Studies examined 50 years of research on the effect of spanking children and found that when children are spanked, they are more likely to become more defiant. This may not come as much of a surprise to us, but it does force us to think about best practices in terms of disciplining children. Dr. Alan Kazdin is Sterling Professor of Psychology and Child Psychiatry at Yale University. He is currently emeritus and was the director of the Yale Parenting Center and Child Conduct Clinic. His research shows that it’s not just spanking that’s ineffective. Any sort of punishment, including time-outs, only leads to greater defiance. Kazdin’s method, what he calls “positive opposites,” is a little more nuanced than simple positive reinforcement, but the idea is that we can change children’s negative behaviour by focusing on the positive aspects of the behaviour.
Parashat Emor opens with an apparent redundancy. “Emor” – Say to the Kohanim, the sons of Aaron, “V’eamrata” – and say to them. Rashi notes that the double expression can be interpreted as להזהיר גדולים על הקטנים. The Kohanim were cautioned to ensure their children do not become tamei – ritually contaminated from the dead.
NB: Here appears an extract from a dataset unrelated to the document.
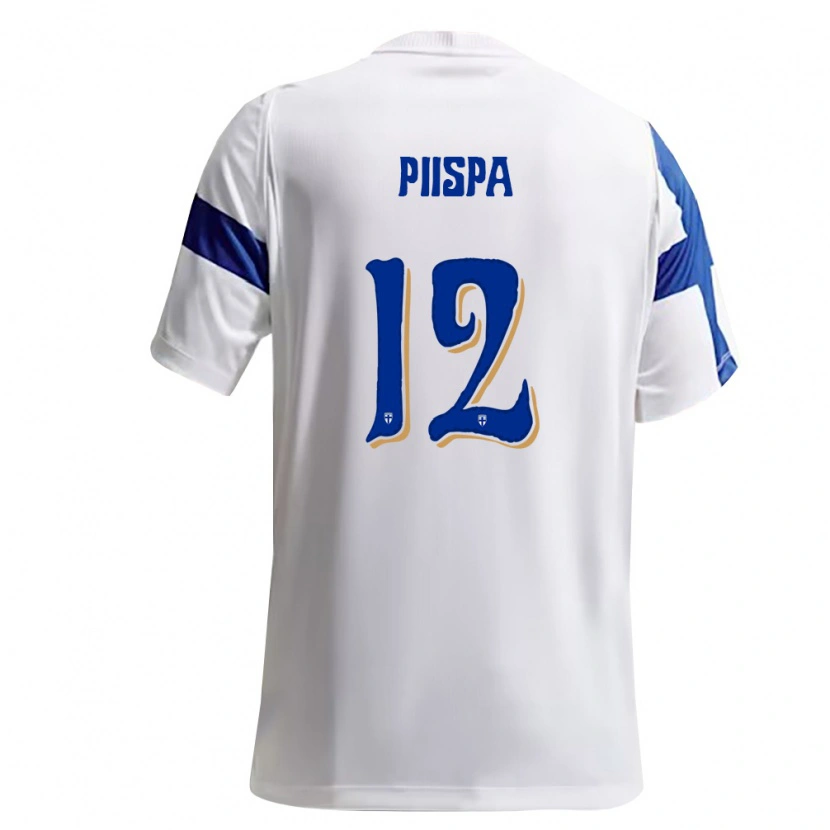 Danxen Hombre Camiseta Finlandia Aleksi Piispa #12 Blanco Azul 1ª Equipación 26-28 La Camisa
Rabbi Moshe Feinstein says homiletically that the Torah teaches us a powerful lesson in Chinuch – education. The adults must be told to regulate their own behaviour, which will thereby influence their children. “Emor” – speak to the adults “V’eamarta” – so that their actions will “speak” to the children and they will learn by example.
There are many layers of education which include various forms of appropriate discipline. However, the first step to educating is to model appropriate behaviour. Rabbi Yaakov Yisrael Kanievsky ztz”l (father of R’ Chaim Kanievsky ztz”l) famously used to say Chinuch (education) is 50% Tefilah (prayer) and 50% being a role model.